**Source material**
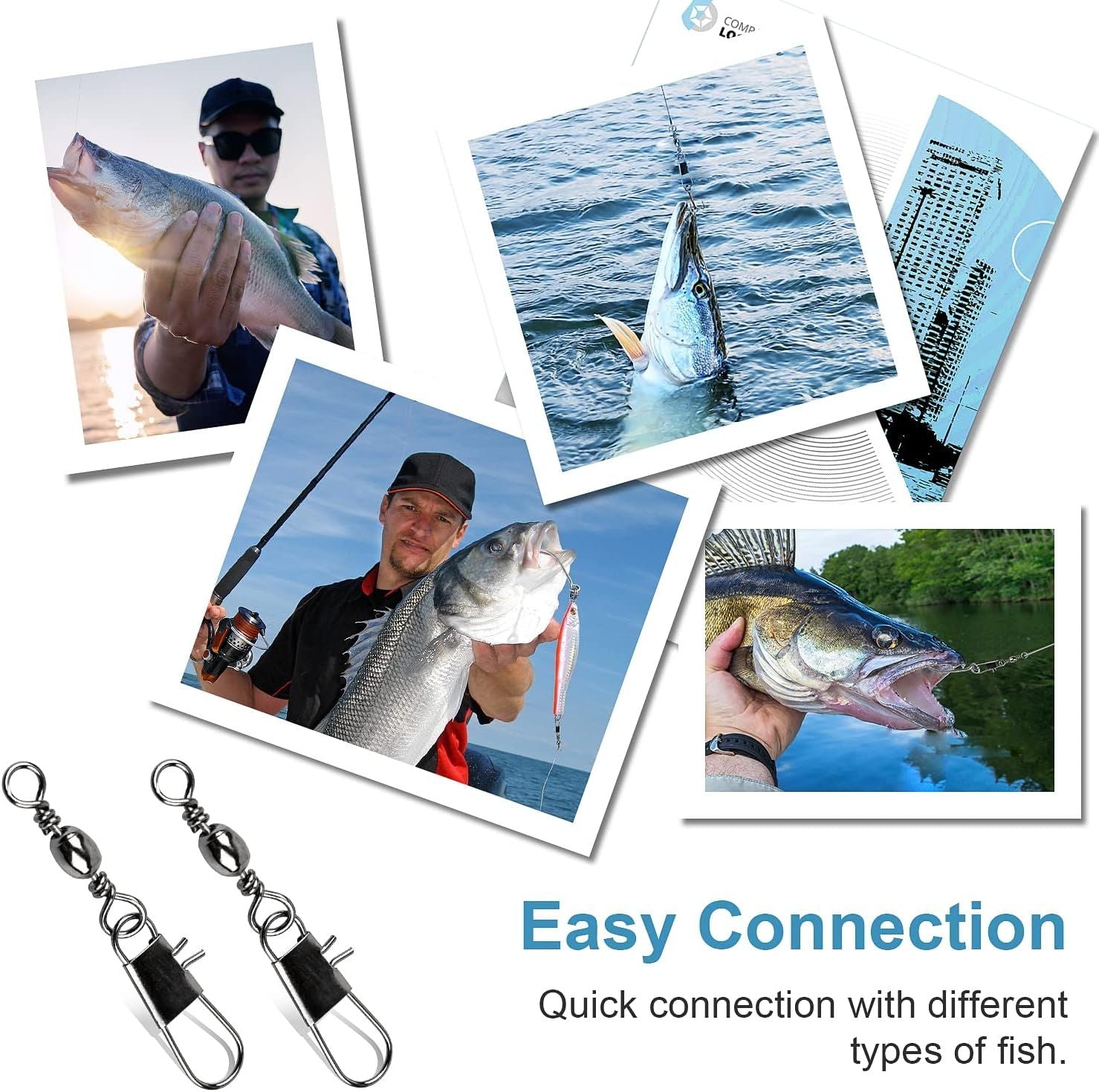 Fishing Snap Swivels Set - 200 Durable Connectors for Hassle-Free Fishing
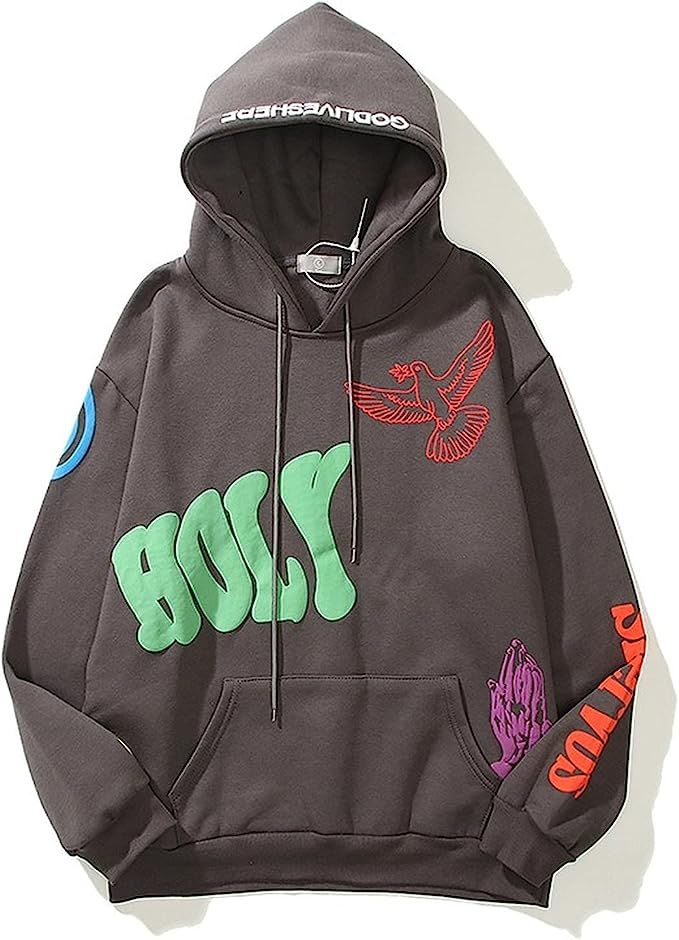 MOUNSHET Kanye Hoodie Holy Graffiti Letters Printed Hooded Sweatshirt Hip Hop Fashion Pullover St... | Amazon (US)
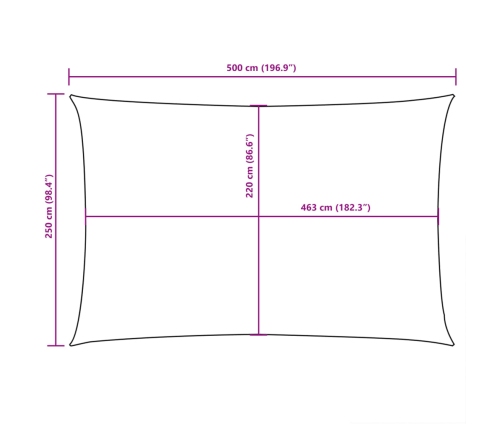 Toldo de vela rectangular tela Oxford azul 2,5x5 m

**Exercise**
Each line above is to be duplicated exactly, and the pictures are to be omitted.

**Response box**
 Fishing Snap Swivels Set - 200 Durable Connectors for Hassle-Free Fishing
 MOUNSHET Kanye Hoodie Holy Graffiti Letters Printed Hooded Sweatshirt Hip Hop Fashion Pullover St... | Amazon (US)
 Toldo de vela rectangular tela Oxford azul 2,5x5 m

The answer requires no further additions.